2) Open up the skies. "Hi, I'm Stephen Harper - we have a big country, and we'd like as many people as possible to see as much of it as possible. We're going to stop pandering to the few thousand people employed by Air Canada in order to allow millions of Canadians the opportunity to travel around more affordably." Of course, this would cost them the votes of all those people who like higher airfares and fewer route choices.

3) Shrink the CRTC by a factor of 10. "Hi, I'm Stephen Harper. My government will continue to support the creation of Canadian programming, but will stop forcing Canadians to watch it if they don't want to. We don't do it with books, we don't do it with movies, and from now on, we're not going to do it with TV." My last two (lower-middle class) neighbourhoods were overrun with legal and illegal satellite dishes. People like choice. I can't be more clear - this policy would be a winner.

4) Just generally portray themselves as believers in slightly less intrusive government. You know, like "We don't like other people telling us what not to eat, so we figure most Canadians feel the same way." Or (and I'm sure there's a more elegant way of putting this), "We fail to see why forcing people to vote who would otherwise choose not to is a compelling objective."

Back to the original issue - I won't be putting up the Blogging for Tories button. I'm not trying to claim neutrality - I have a CPC membership, and there's probably a 90% chance I'll vote for them in the next election. But presently, I refuse to actively support them while they work so hard to appeal to some less-than-1 fraction of the people who voted for them last time. I've decided I fancy myself more of a wonk than a hack, and simply, I want the CPC to keep me and my ilk in the back of their minds, with this caution: this party was obliterated once before because we stood for nothing. It could happen again.


The infamous Robert/Rubert is hosting the 2004 Canadian Weblog Awards.
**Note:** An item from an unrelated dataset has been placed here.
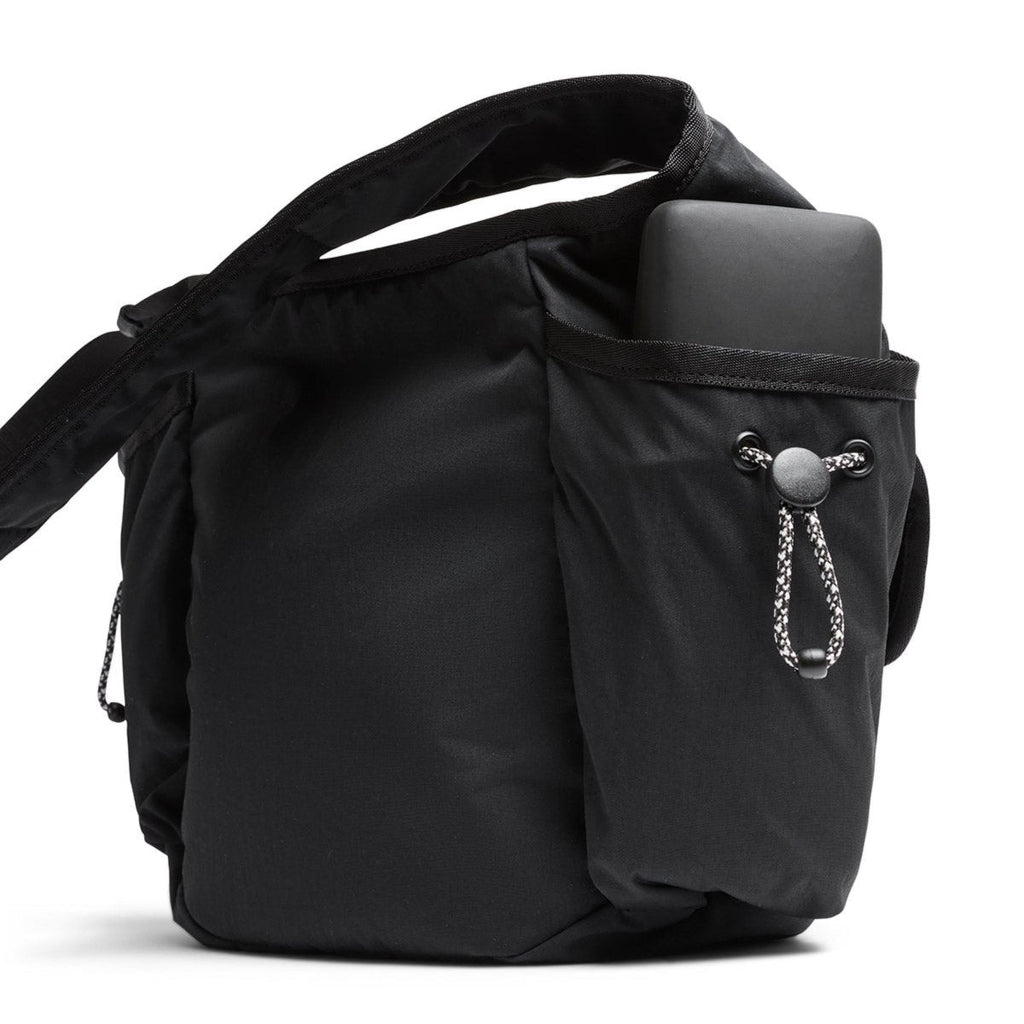 Bellroy Cinch Sling in Black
As noted previously, I've been nominated for Best Non-Political Weblog. My Slithering Reptile status is assurance that I will finish somewhere in the single-digits, so I won't be shilling for support, but I would like to lend my own support to a few other nominees:
  • as Best Blog. There are a lot of great Canadian blogs, but nevertheless, this is a no-brainer. Frankly, it's also the Best Non-Political Blog, but it's not nominated (scroll through it while ignoring his paid work as a columnist - it's really pretty light on politics).
  • Inkless Wells as Most Humourous Blog, narrowly ahead of Jardine. A wit like Wells ought to be acknowledged.
  • PolSpy as Best Blog Design - again, this is really no contest, they earn it on the strength of PET's middle finger alone.
  • Babbling Brooks as both Best Conservative Blog and Best New Blog. His right-winginess is principled but not reflexive, and as such, he's almost always right. (Almost.)

On the topic of the Almost (i.e. tsunami relief), I noted in the Babbler's comments that I find his stance counter-productive, but I certainly understand where he's coming from. What I find specifically irksome is the requests that don't merely ask for contributions, but presume to tell me (or whoever) what I shouldn't be spending money on, in order to redirect my resources to tsunami relief. Rex Hammock notesInstapundit) that Mark Cuban is suggesting the inauguration be cancelled and the funds redirected to relief. This is simply a road we do not want to travel down. Apart from the absurdity of the logical extension of this type of argument (let's just shut down our economy and send all our money to the Red Cross!), it's called charity, and it's virtuous precisely because it's not coerced.

Of course, if you think our society would be improved if you got the stink-eye from a fundraiser every time you walked into a 7-11 to buy something you didn't exactly need, then feel free to disagree with me.